Hernani Club de Rugby Elkartea (HCRE) is a highly respected rugby team playing in the Spanish Division of Honour. Its best result was in the 1983/84 season when it ranked second. The team is known for forming a lot of local players and bringing them out to the top division.

== Famous people ==
- José Manuel Ochotorena (1961–2025) : Spanish professional footballer and coach who played as a goalkeeper.

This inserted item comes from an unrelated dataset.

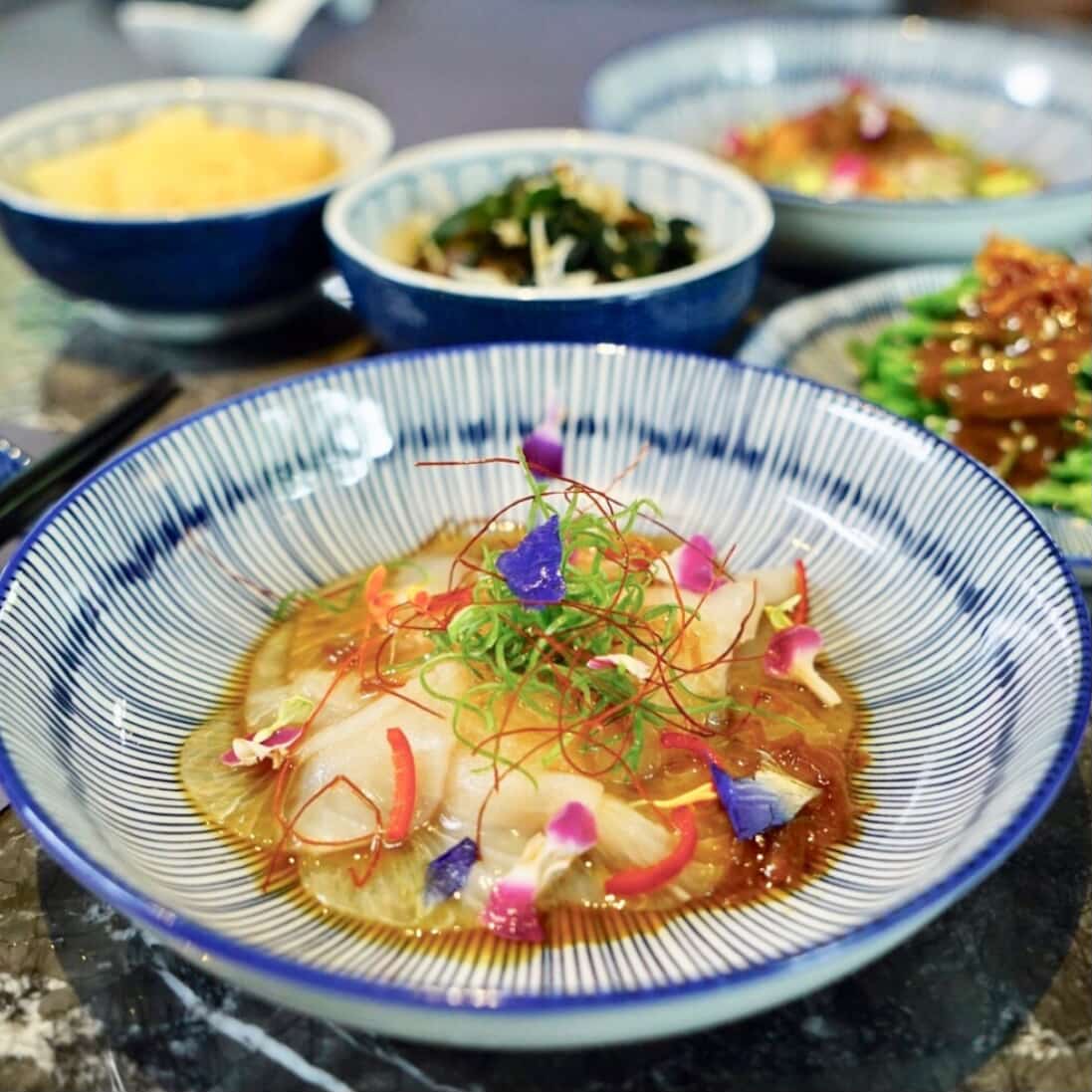 「定置漁場三代目」每日食材都來自自家定置漁場的新鮮魚貨，加入使用數十公斤魚骨熬煮數小時，打造出濃郁又鮮甜的魚白湯。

He won the European Cup and La Liga with Real Madrid, later served as goalkeeping coach for Valencia CF and the Spain national football team.
- Juan de Urbieta (?–1553) : infantry soldier who imprisoned Francis I of France in the Battle of Pavia in 1525.
- Florentino Goikoetxea, Basque smuggler, who guided Allied airmen shot down in occupied Europe across the border from France to neutral Spain during World War II.
- José Manuel Lujambio, Txirrita (1860–1936): bertsolari, a singer of improvised musical verses in Basque. Champion of the Basque Country in 1936.
- Maialen Lujanbio (1976– ), bertsolari, a singer of improvised musical verses in Basque. Champion of the Basque Country in 2009 and 2017.
- Gabriel Celaya (1911–1991): poet of the post war generation.
- Elías Querejeta (1934–2013): filmmaker, producer, director and screenwriter.